Write to Remember

The arrival of tablet technology (iPad, Samsung and others) has made it easier than ever to use your tablet as a one stop device. Many people use tablets to take notes in meetings or in class because typing your notes makes them more readable and easier to store, email, and share. But you may be missing out on the considerable benefit of handwriting your notes.

I know what you’re thinking: aren’t you the girl who just wrote that the handwritten thank you may be finished? Yes. But that was about communicating; this is about learning.

A recent study published in Psychological Science found that participants who took notes by hand in the study retained more of the information they had received. In part, that’s because we are so much more inefficient when we write by hand. “Students who took notes on the laptop were basically transcribing the lecture,” says Princeton University psychological scientist Pam Mueller, lead author of the study. “Because we write by hand less quickly, those who took notes with pen and paper had to be more selective, choosing the most important information to include in their notes. This enabled them to study the content more efficiently.”

You also use more areas of your brain when you listen to a lecture (or instructions) and write at the same time. You activate both the language center, which is paying attention to what’s being said, and the part of the brain that creates spatial relationships.  Writing is also a form of visualization, which can help you mentally rehearse steps in a process. Your notes serve as a way to mindfully practice the steps of solving a problem.

This effect is amplified even more if you are a doodler. Doodlers often illustrate their notes with drawings and directional icons like arrows that show how ideas are related or ordered. The act of thinking about what ideas matter most and which are connected helps you to synthesize and deepen your retention of the material.

Doodling adds real power to your memory. A 2009 study conducted by the Plymouth (UK) School of Psychology  asked 40 participants to listen to a monotonous mock telephone message with the names of people coming to a party. Half of the group was randomly assigned to a ‘doodling’ condition where they shaded printed shapes while listening to the telephone call. The doodling group performed better on the monitoring task and recalled 29% more information on a surprise memory test.
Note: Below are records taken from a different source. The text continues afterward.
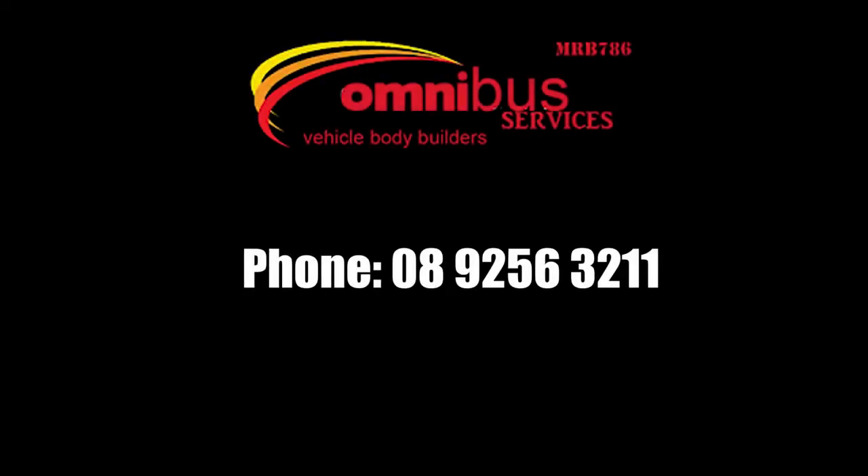For more information, contact Omnibus at 08 9256 3211.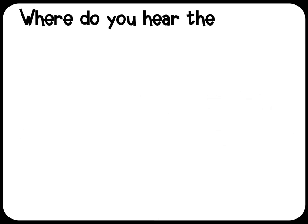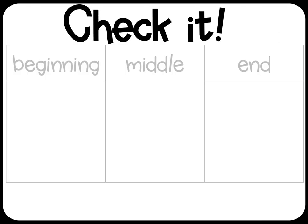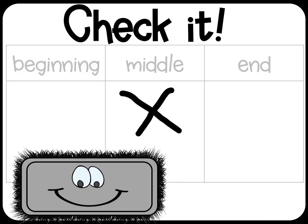Where do you hear the mmm in hammer? Mmm — hammer — check it. Hammer — erase it.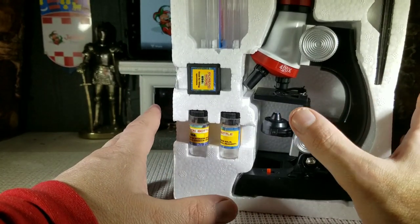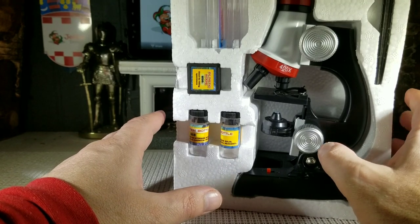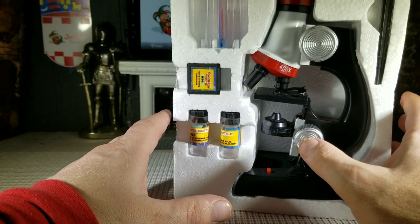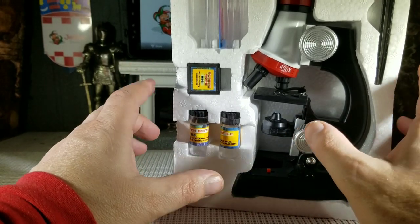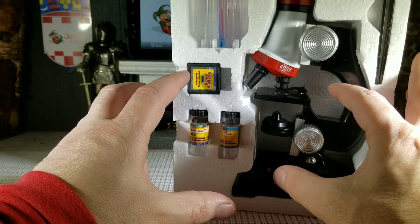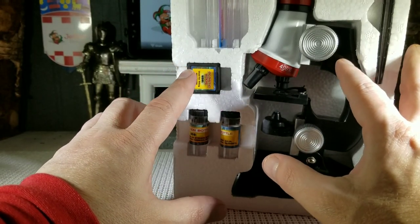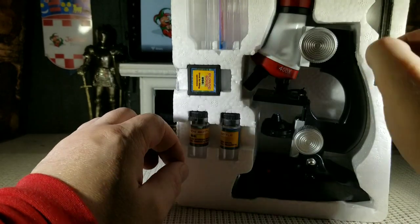Now, this is a toy and it's considered a toy set, so I'm going to be reviewing it as a toy. It definitely is not the grade of a professional microscope by any means — just keep that in mind. But for a toy, it is done very, very well and it does work extremely well.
Some scientists are concerned that young children are losing some of this vital brain activity as handwriting is being replaced by typing at a younger and younger age. A 2012 study led by Karin James, a psychologist at Indiana University, found that the inherent messiness of young children’s handwriting serves an important purpose: it teaches them that every variation of a letter is still the same letter. No matter how shaky or crooked your five year old’s letter G is, it’s still a G. If they only see the typewritten version, they may not recognize other variations. The study also found that children who hand wrote   produced more words more quickly than they did on a keyboard, but expressed more ideas as well. Writing helps young brains develop reading and thinking skills and may also be linked to creativity.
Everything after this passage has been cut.